Julia Catherine Beckwith was credited as being Canada's first novelist.
Early life
Born in Fredericton, New Brunswick, she spent much of her early life in Nova Scotia and Quebec. Her mother Julie-Louise Le Brun, daughter of Jean Baptiste Le Brun de Duplessis came from a wealthy French family who immigrated to Canada during the 17th and 18th century. Beckwith’s father Nehemiah Beckwith, was from New England and settled in New Brunswick in 1780, where he owned a successful ship building company. It was through her travels to Quebec and Nova Scotia that she incorporated her experiences through her novels. Two years after Beckwith wrote her novel, her father died in a drowning accident and in 1820 and she was sent to live in Upper Canada with family where she would establish a boarding school for girls and meet and then marry George Henry Hart.
Career
Beckwith’s mother had renounced her Roman Catholic faith and shared her husbands Methodist views, yet it was her mother’s religious background that would provide the subject matter of Canada’s first novel St Ursula’s Covent at the age of seventeen. It took nearly over ten years for Beckwith to find someone who would publish her work. In 1824, Hugh C. Thomson agreed to publish St. Ursula’s Convent or, The Nun of Canada; Containing Scenes from Real Life, and as Beckwith wished, as an anonymous author. However, only 165 copies were made. After Beckwith's romantic novel was criticized as "too complicated", almost all copies were lost. Later, Beckwith and her husband moved to the United States where she would write her second novel Tonnawanda ; or, The Adopted Son of America ; an Indian Story and was published in Rochester, N.Y., as "By an American." In 1831 Beckwith, along with her husband and six children, moved back to Fredericton, where she would write her third novel in manuscript Edith that was never published.
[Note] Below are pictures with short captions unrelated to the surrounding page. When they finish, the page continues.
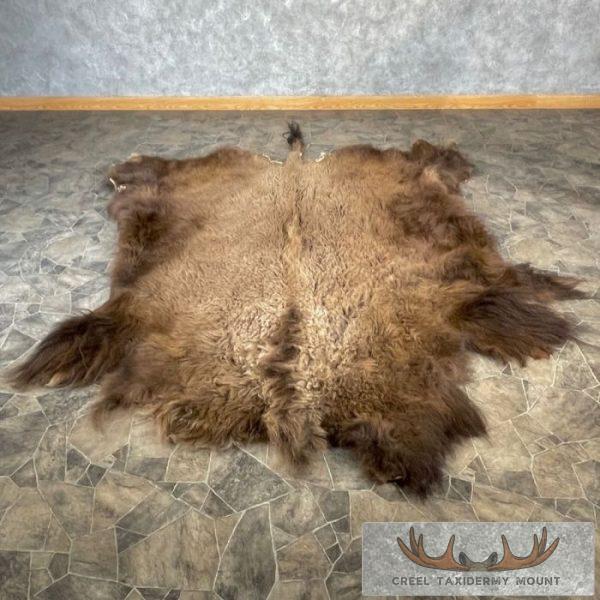 American Buffalo (Bison) Taxidermy Hide For Sale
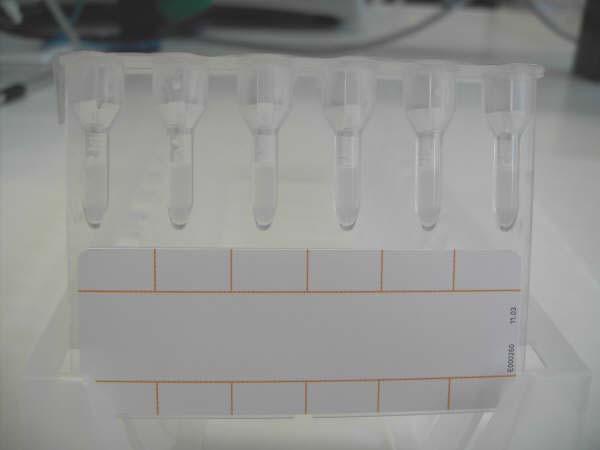 sangre homogenizada + 0,5 ml de Diluyente 2) REACTIVOS:Tarjetas DiaMed neutras ( NaCl/test enzimático/aglutininas frias ) Viales I a III del panel eritrocitario Diacell Diluyente DiaMed 2.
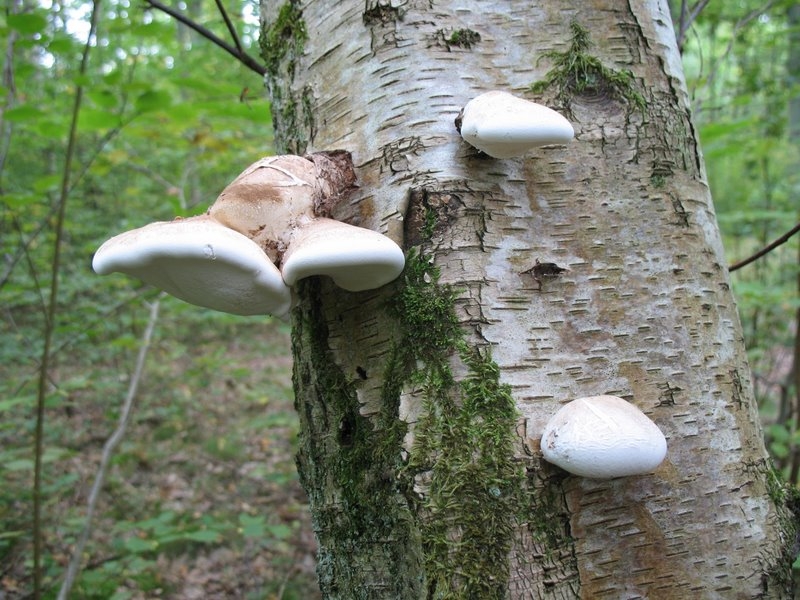 Polypores du bouleau1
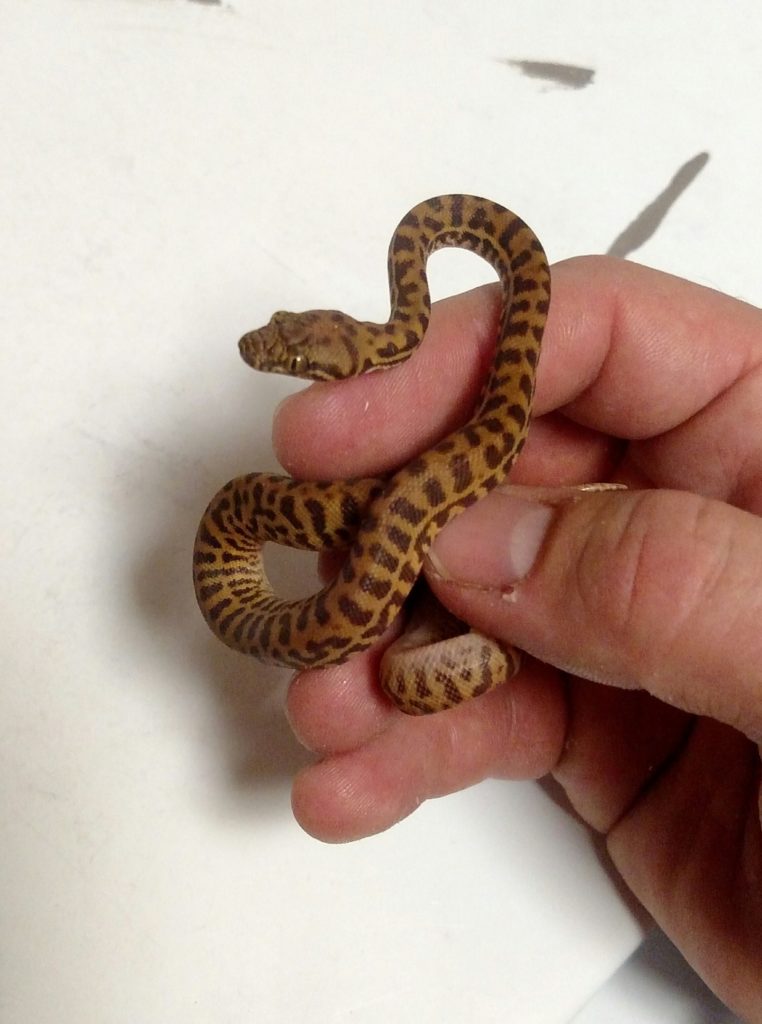 Stimson’s Python - Tierra de Morelia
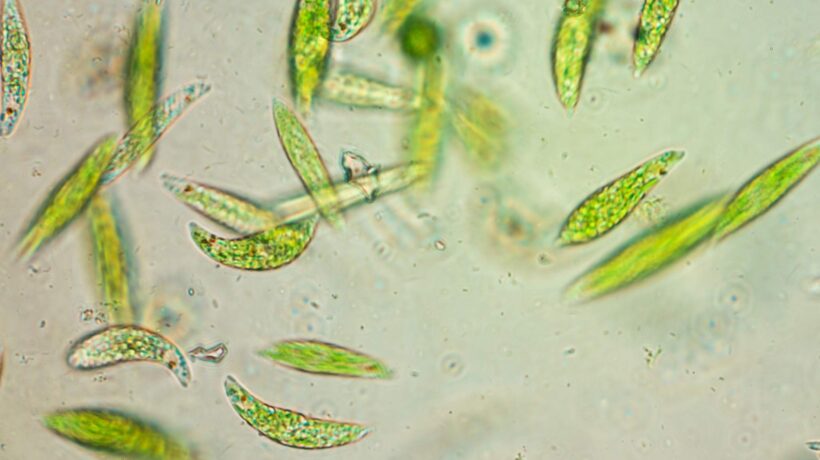 Fitoplâncton polar ajudou vida marinha a sobreviver extinção antiga (Imagem: Getty Images/ Canva Pro)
In 1831 she returned to Fredericton, New Brunswick. On November 28, 1867, Julia Catherine Beckwith died in Fredericton, New Brunswick at the age of 71.
Posthumous recognition
However, she was not recognized until at the end of the century when Canadian writing became of interest. In 1904, chief librarian of the Toronto Public Library, James Bain, obtained a copy of St. Ursula’s Covent at an auction for $8.00. Only five other copies have been discovered and one partial copy resides at the library of McGill University.